# What is being asked:
Output a faithful copy of the entries, every picture removed.

[Items from a data source]
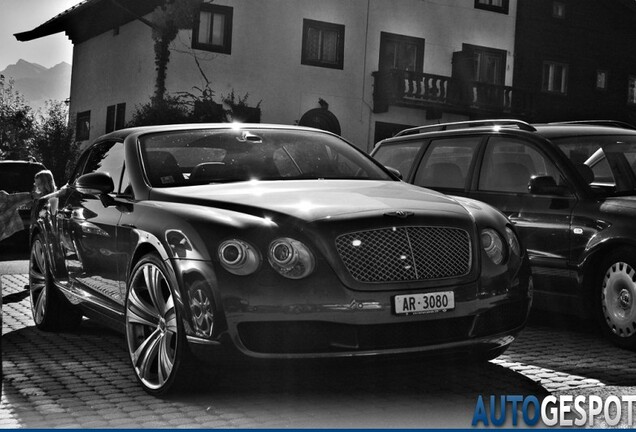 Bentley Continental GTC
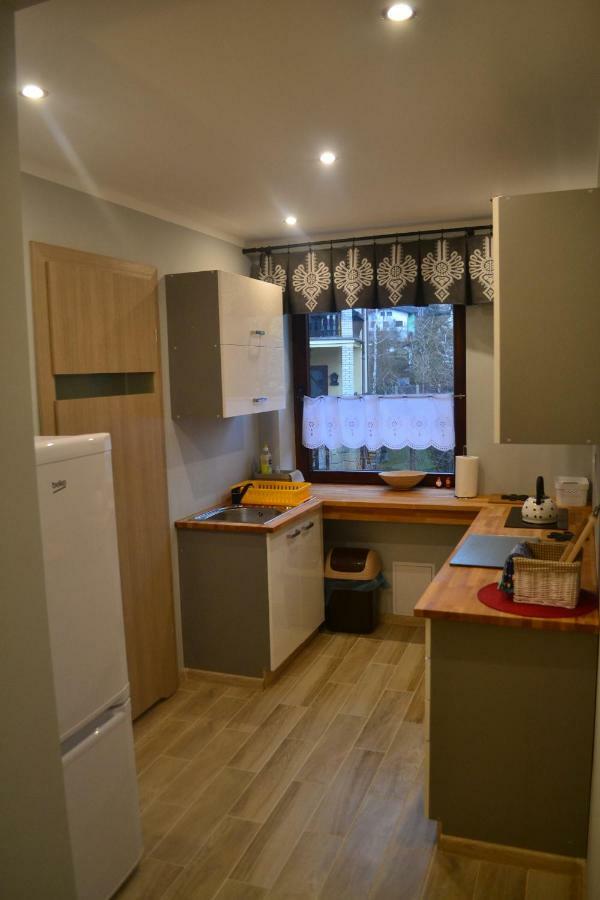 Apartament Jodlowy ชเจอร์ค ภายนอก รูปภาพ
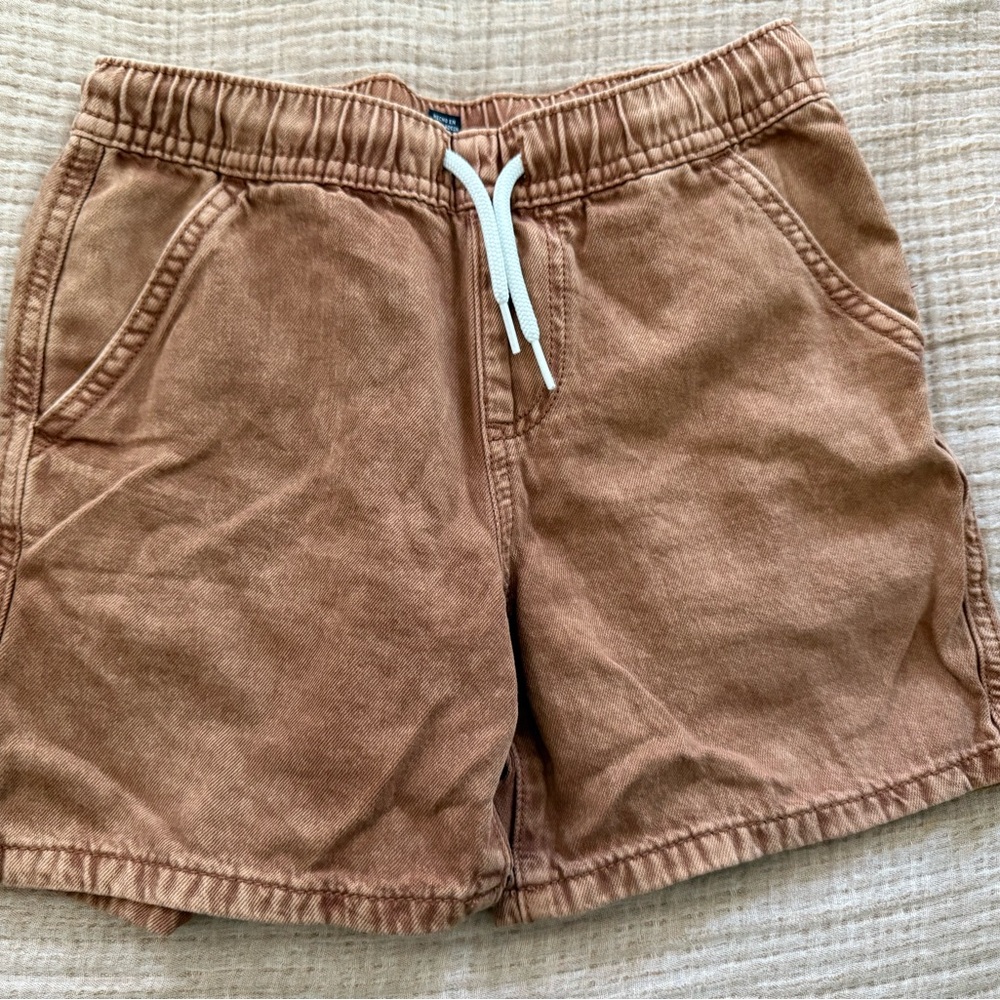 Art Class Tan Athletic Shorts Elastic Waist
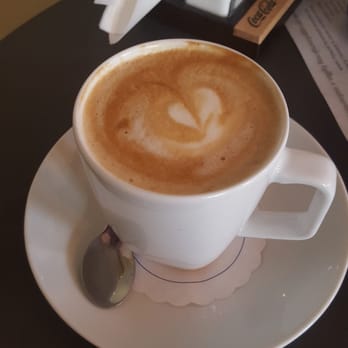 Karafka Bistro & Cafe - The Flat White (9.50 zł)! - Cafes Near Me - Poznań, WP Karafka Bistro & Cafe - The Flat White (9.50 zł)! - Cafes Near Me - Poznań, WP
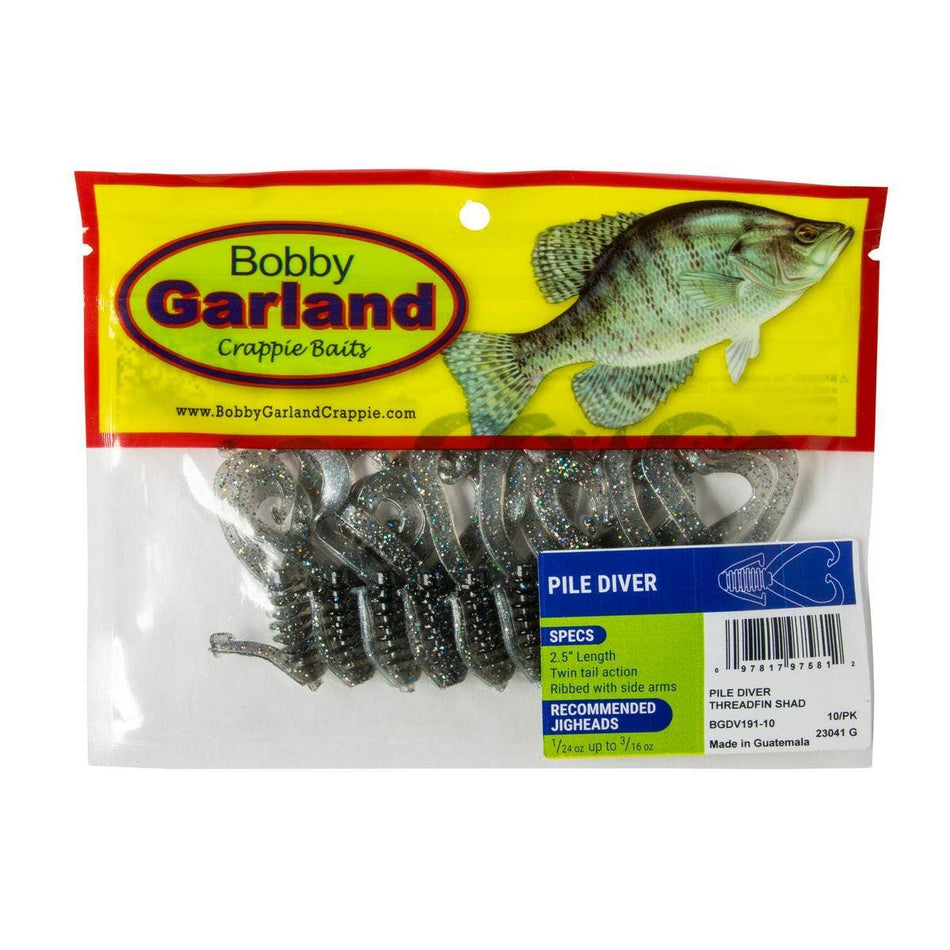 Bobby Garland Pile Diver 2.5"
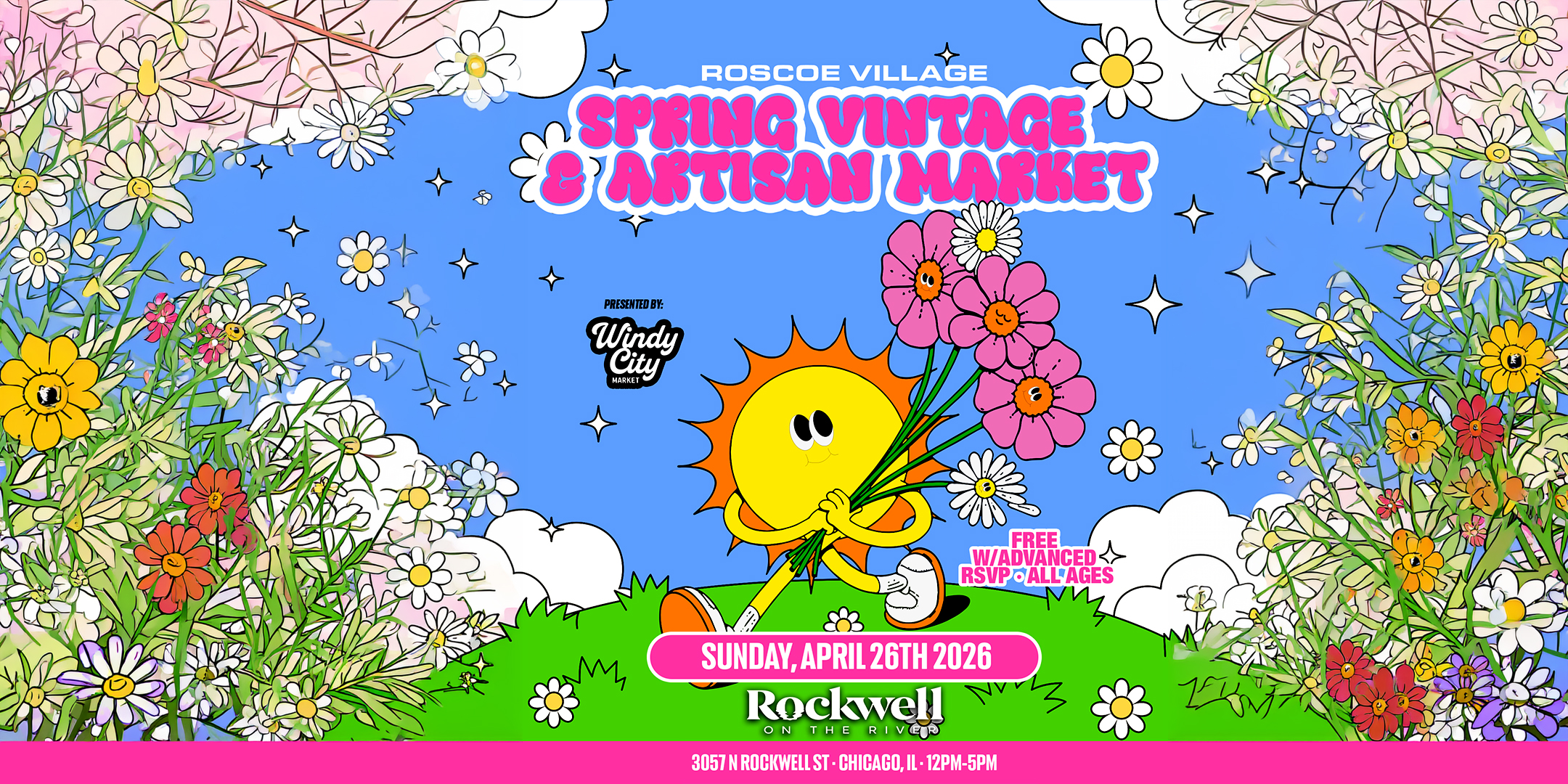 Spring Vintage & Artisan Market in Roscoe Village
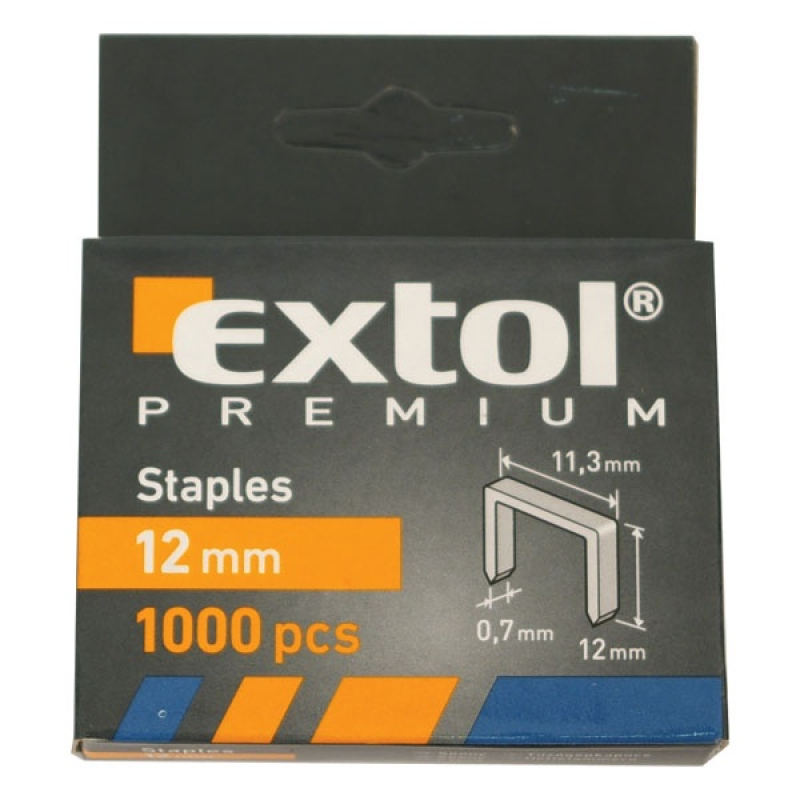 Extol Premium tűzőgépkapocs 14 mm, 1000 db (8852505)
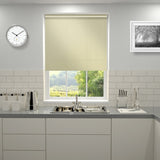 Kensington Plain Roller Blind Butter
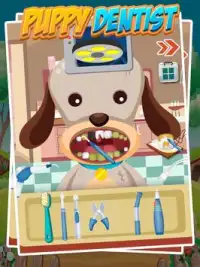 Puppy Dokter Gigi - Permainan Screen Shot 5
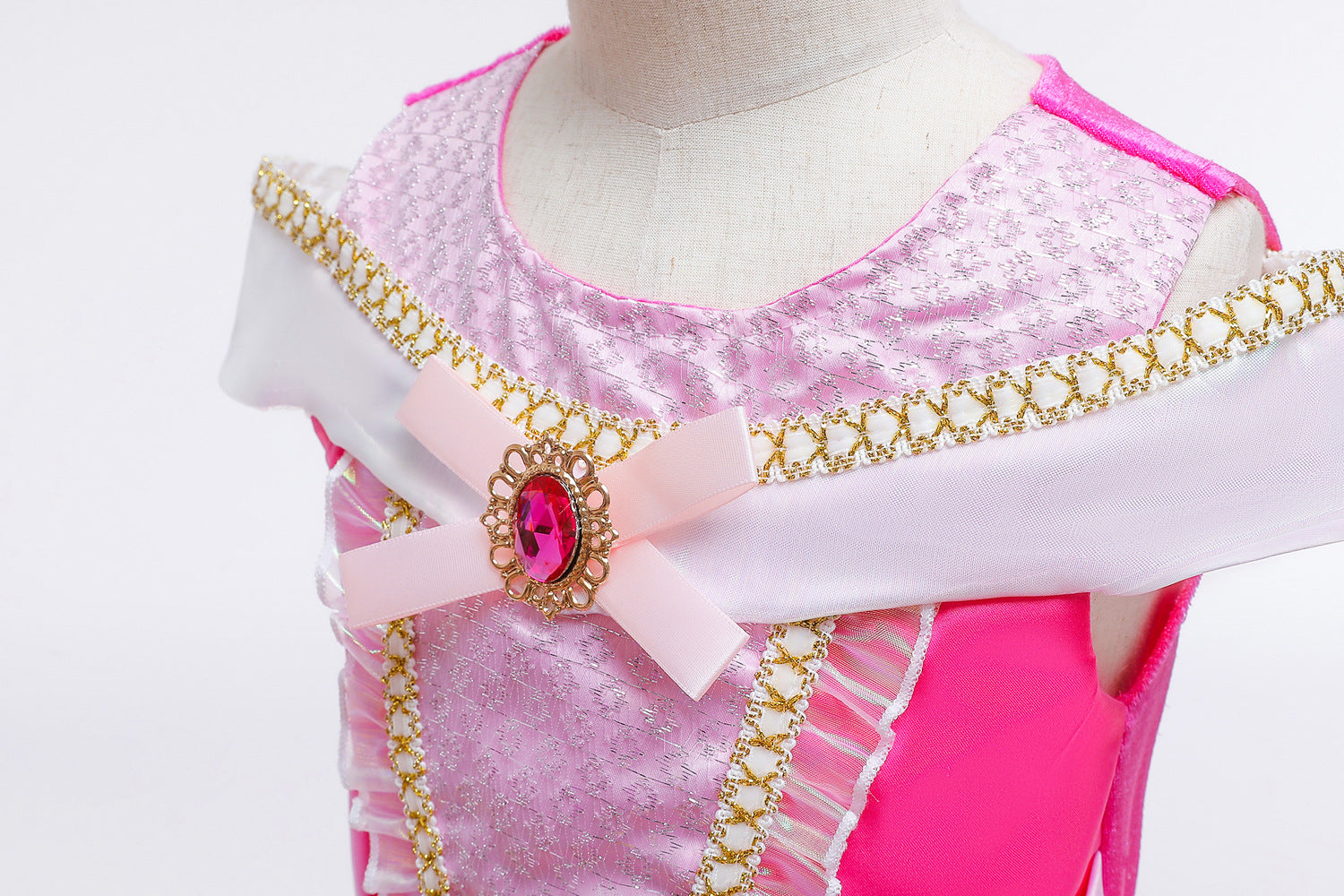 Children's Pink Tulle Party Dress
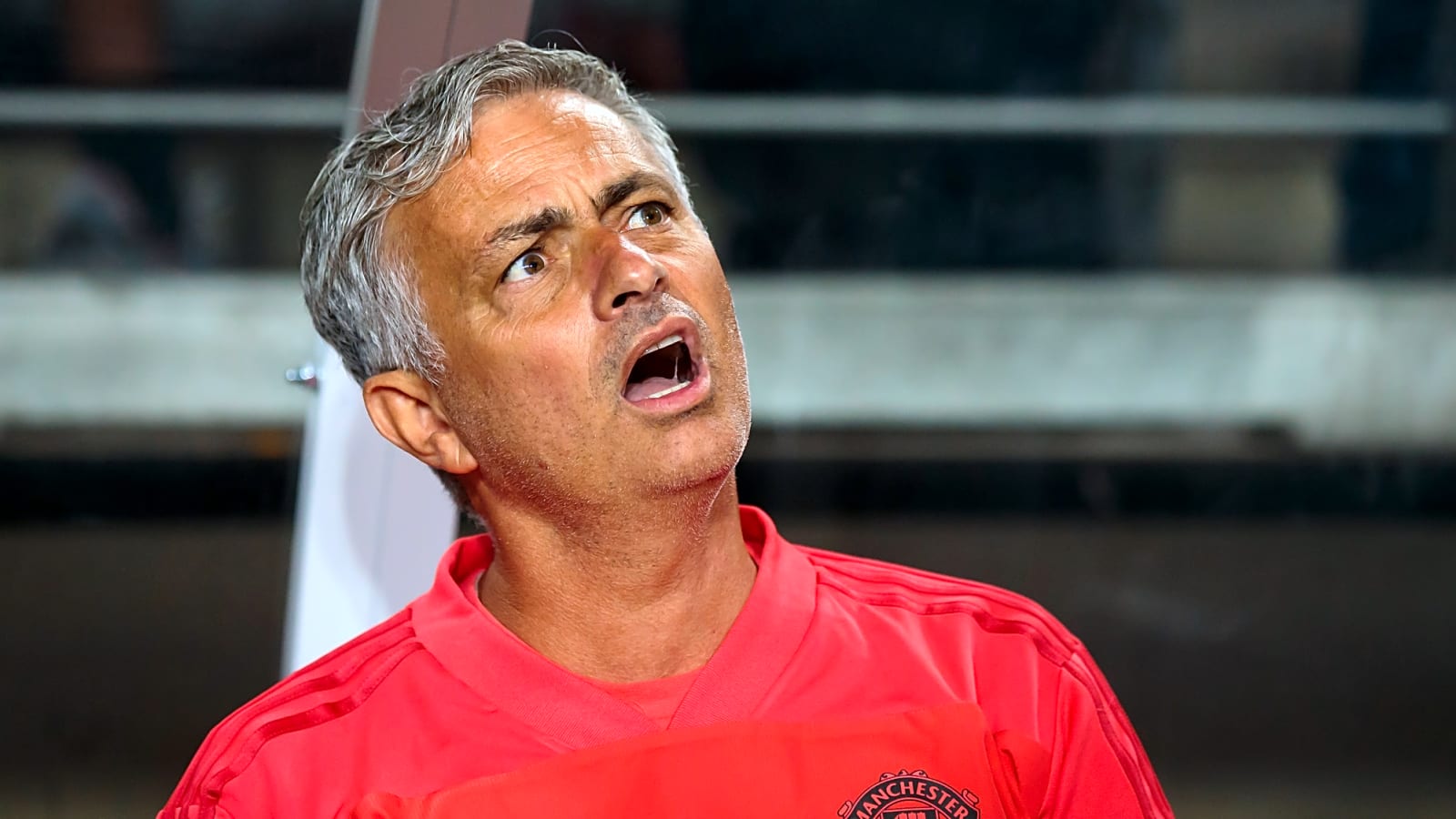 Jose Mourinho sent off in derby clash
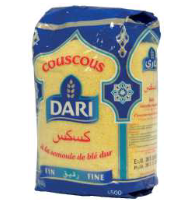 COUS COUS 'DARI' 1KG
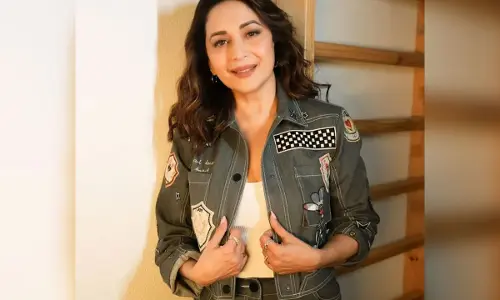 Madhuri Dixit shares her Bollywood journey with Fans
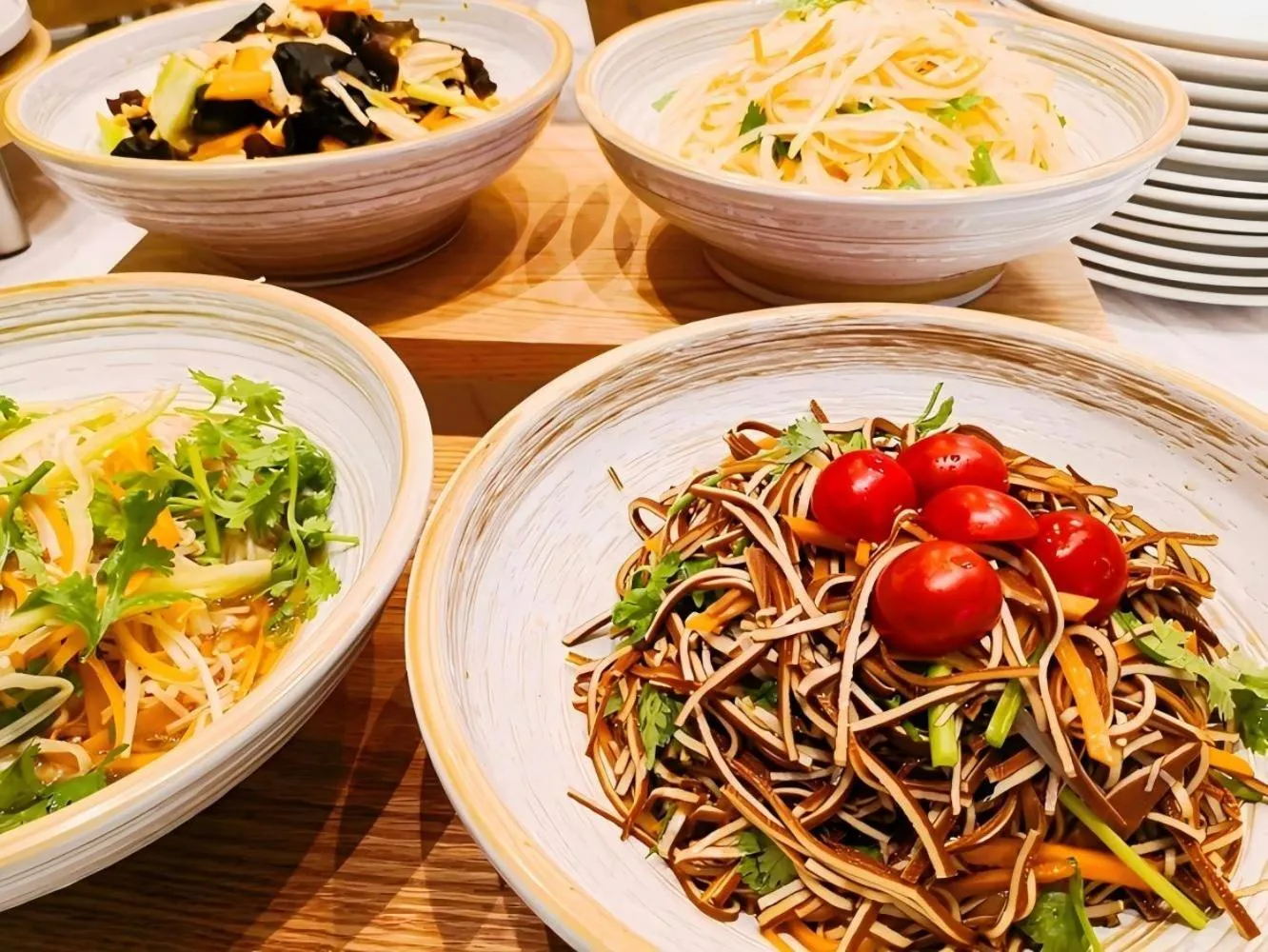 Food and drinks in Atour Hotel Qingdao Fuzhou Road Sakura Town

# Reply:
 Bentley Continental GTC
 Apartament Jodlowy ชเจอร์ค ภายนอก รูปภาพ
 Art Class Tan Athletic Shorts Elastic Waist
 Karafka Bistro & Cafe - The Flat White (9.50 zł)! - Cafes Near Me - Poznań, WP Karafka Bistro & Cafe - The Flat White (9.50 zł)! - Cafes Near Me - Poznań, WP
 Bobby Garland Pile Diver 2.5"
 Spring Vintage & Artisan Market in Roscoe Village
 Extol Premium tűzőgépkapocs 14 mm, 1000 db (8852505)
 Kensington Plain Roller Blind Butter
 Puppy Dokter Gigi - Permainan Screen Shot 5
 Children's Pink Tulle Party Dress
 Jose Mourinho sent off in derby clash
 COUS COUS 'DARI' 1KG
 Madhuri Dixit shares her Bollywood journey with Fans
 Food and drinks in Atour Hotel Qingdao Fuzhou Road Sakura Town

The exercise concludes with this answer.